#### WHAT YOU ARE ASKED TO DO:
Transcribe only the lines in the data below falling between the line with "Nissan NOTE 2017-01 365333-7" and the line with "Tabeling and Piek", including those two lines, and leave out any picture.

#### GIVEN RECORDS:
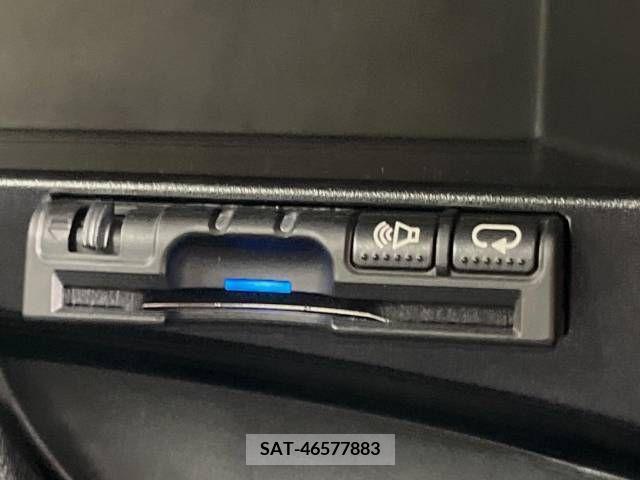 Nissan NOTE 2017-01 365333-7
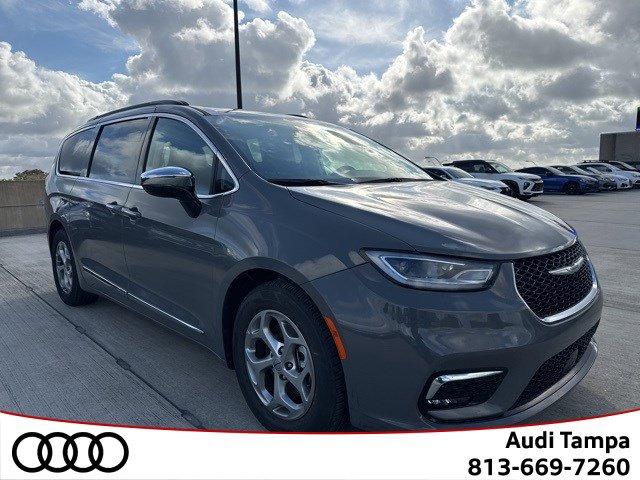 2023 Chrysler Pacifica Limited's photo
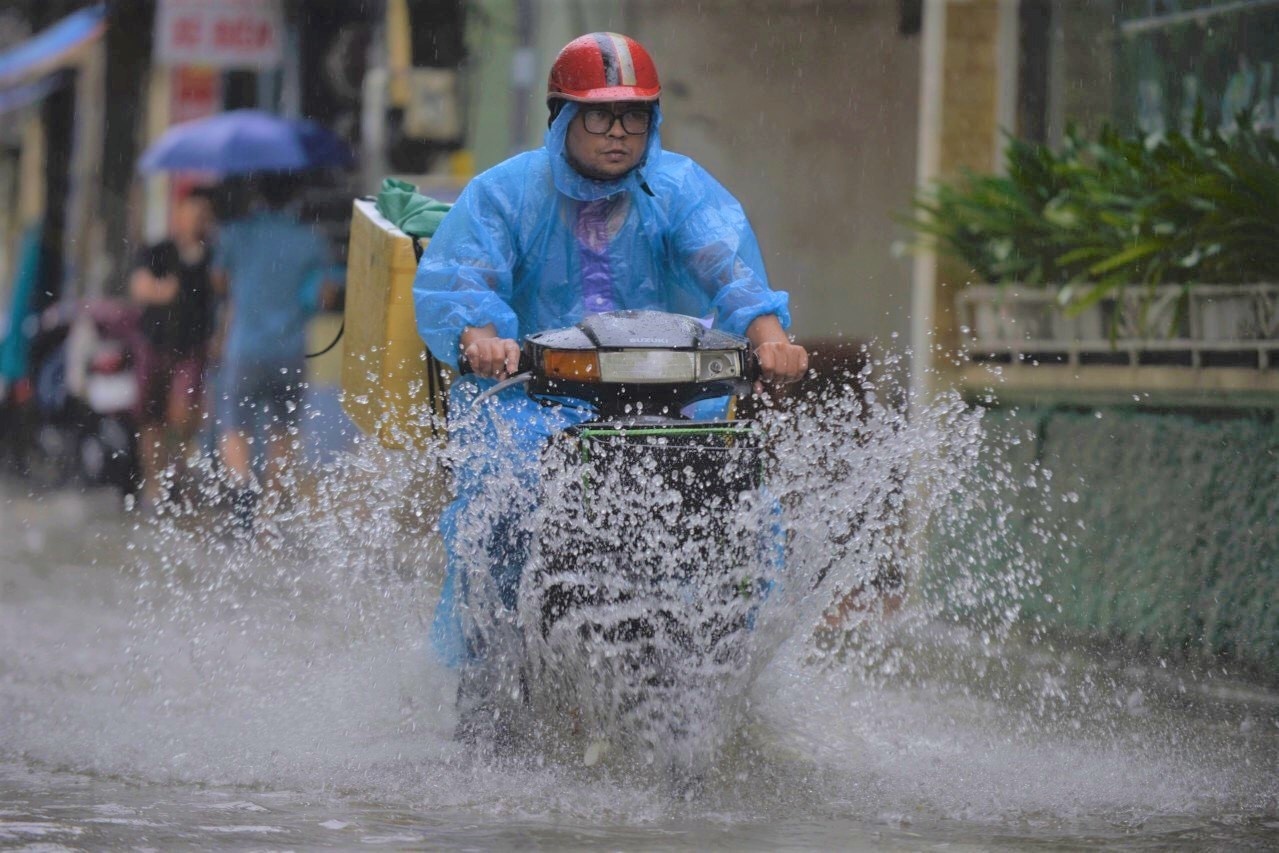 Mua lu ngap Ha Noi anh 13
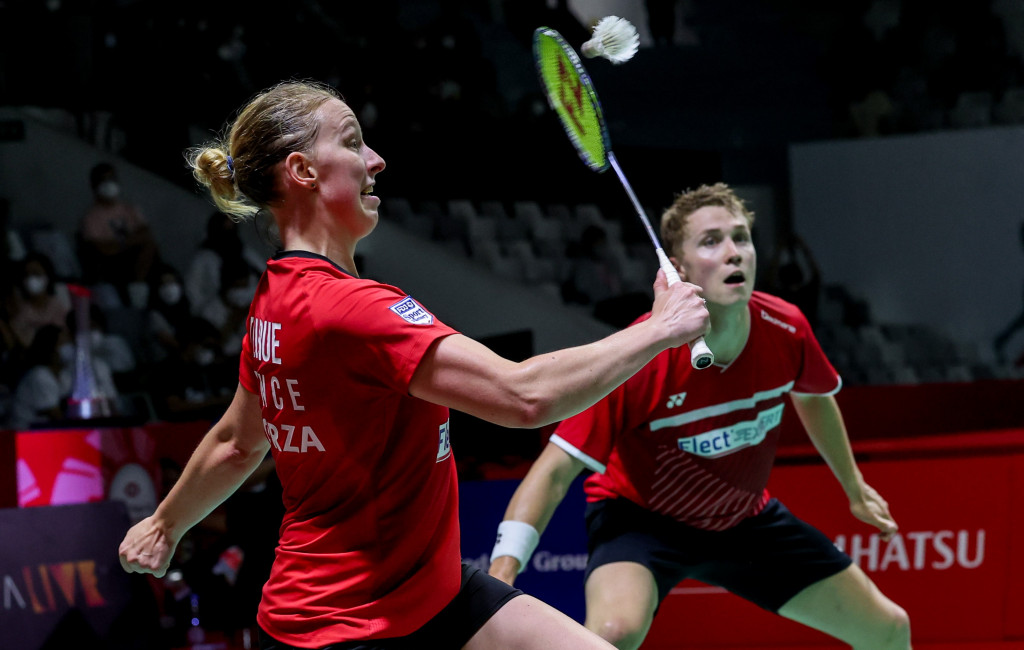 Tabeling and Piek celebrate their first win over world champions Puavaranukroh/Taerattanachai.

--

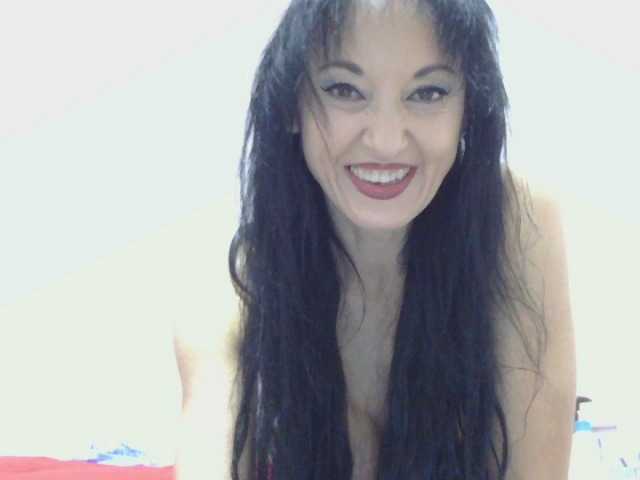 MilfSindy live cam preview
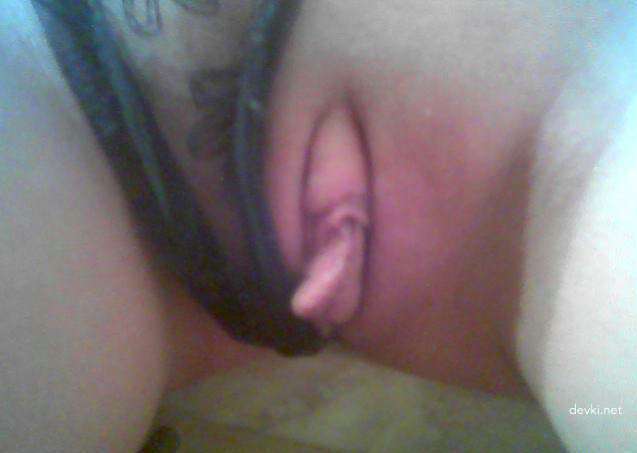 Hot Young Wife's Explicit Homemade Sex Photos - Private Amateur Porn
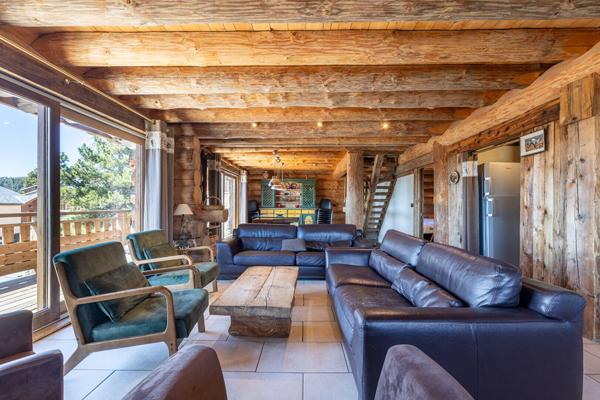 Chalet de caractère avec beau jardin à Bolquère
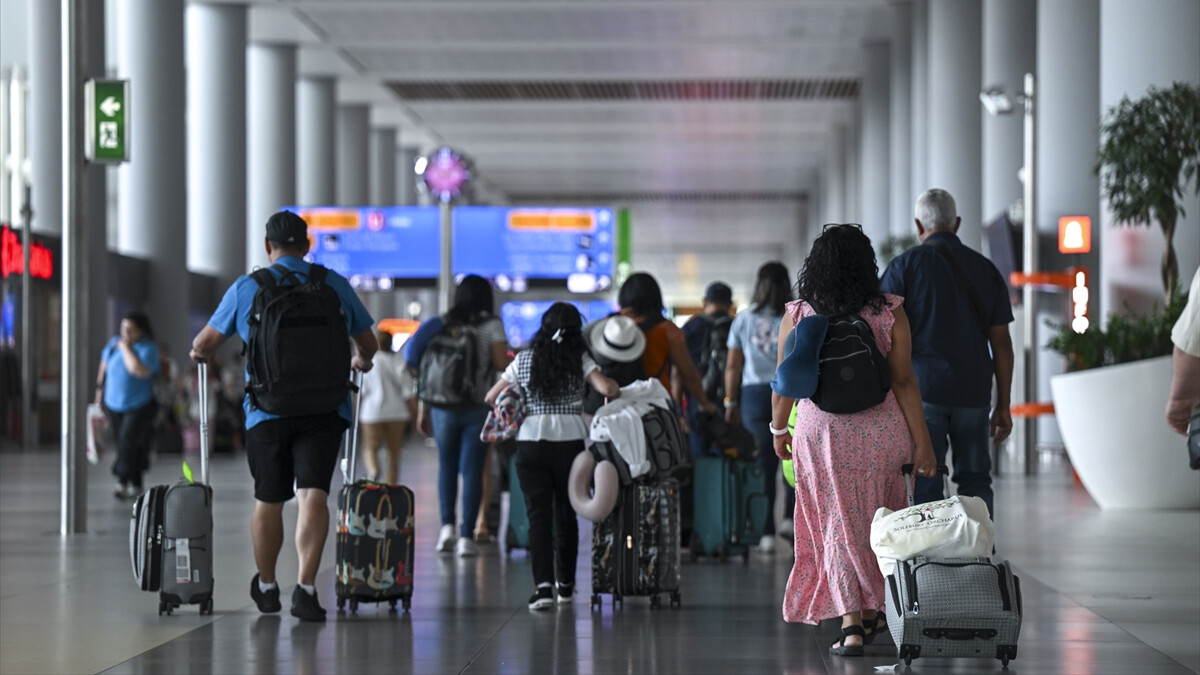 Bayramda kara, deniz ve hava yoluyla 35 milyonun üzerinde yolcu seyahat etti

#### SOLUTION TO THIS PROBLEM:
 Nissan NOTE 2017-01 365333-7
 2023 Chrysler Pacifica Limited's photo
 Mua lu ngap Ha Noi anh 13
 Tabeling and Piek celebrate their first win over world champions Puavaranukroh/Taerattanachai.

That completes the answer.